It’s fair to say that long time Forbes resident Paddy Molly has been around the traps and put in the hard yards for the community. From riding and training horses and competing in rodeos in his younger years, to working as a butcher and at the Forbes Abattoirs, to building Forbes’ first rodeo bucking chutes and helping establish the first Forbes rodeo, Mr Molloy is certainly worthy of honour.
And on Tuesday evening at the Forbes Australia Day Festival at Colin McKenzie Park, he received the honour of being named the Forbes Senior Citizen of the Year. After many accidents including broken bones, losing his late wife Una in 2007 and suffering burns from a farming accident in 2012, the 89-year old was forced to sell his Wandary Lane farm and move to a home in Bathurst Street, where he still spends tire-less hours gardening and renovating his homes.

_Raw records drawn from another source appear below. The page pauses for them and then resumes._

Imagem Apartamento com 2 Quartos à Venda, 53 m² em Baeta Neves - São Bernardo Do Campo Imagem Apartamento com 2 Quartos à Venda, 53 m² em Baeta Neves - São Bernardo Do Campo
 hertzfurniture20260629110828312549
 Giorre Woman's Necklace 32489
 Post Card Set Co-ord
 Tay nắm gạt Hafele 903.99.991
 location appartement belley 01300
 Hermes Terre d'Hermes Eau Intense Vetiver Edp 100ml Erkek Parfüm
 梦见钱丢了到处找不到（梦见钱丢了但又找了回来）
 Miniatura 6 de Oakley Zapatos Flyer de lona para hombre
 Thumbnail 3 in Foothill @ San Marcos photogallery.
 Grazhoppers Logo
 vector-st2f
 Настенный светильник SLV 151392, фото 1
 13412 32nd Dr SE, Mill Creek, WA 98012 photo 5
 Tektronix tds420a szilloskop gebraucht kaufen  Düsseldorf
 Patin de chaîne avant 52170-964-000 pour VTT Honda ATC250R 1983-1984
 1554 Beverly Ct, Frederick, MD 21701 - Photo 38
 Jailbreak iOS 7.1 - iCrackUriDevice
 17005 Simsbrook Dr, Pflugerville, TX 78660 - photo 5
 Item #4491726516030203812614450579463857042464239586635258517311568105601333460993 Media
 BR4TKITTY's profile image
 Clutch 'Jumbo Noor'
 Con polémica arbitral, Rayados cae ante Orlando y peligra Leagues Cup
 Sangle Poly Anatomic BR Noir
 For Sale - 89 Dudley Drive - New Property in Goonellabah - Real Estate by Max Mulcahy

He regularly brings the bins in for his neighbours who work, and along with musical partner Ray Lassierre, plays country music at the Jemalong Residential Village and the Mater Nursing Home. They have played at both now for 37 years. “I’m grateful for this. It’s like winning the lottery,” Mr Molloy said of his award win.
Mr Molloy said tongue in cheek he did not plan on attending the Australia Day Festival, but was glad he did in winning his award. “I got brought over by my son and his wife, so I’m glad I came,” he said. Sixteen-year old Daniel Ashcroft won the 2016 Forbes Junior Citizen of the Year. He is a volunteer for the Forbes Shire Council Youth Advisory Committee, established Spectacular Screenings at age 12, and donates toys to Havannah House for their annual Christmas lunch.
In setting up and helping to run Spectacular Screening, where a movie for public viewing is put on once per month, he has contributed a massive 230 hours of his time over the last four and a half years. Mr Ashcroft also marches for Forbes High School in the ANZAC Day march, and volunteers as a musician at Jemalong Retirement Village.
He said he is proud of what he does and will continue his work. “It’s good to help out in the community and it’s good to see people’s faces when you’re doing it,” he said.
“I plan on continuing the volunteering. I’m not too sure what I’d like to do after I finish school in a couple years, but I’d like to go to university.” “I’m a black belt in martial arts, so something may come from that too.”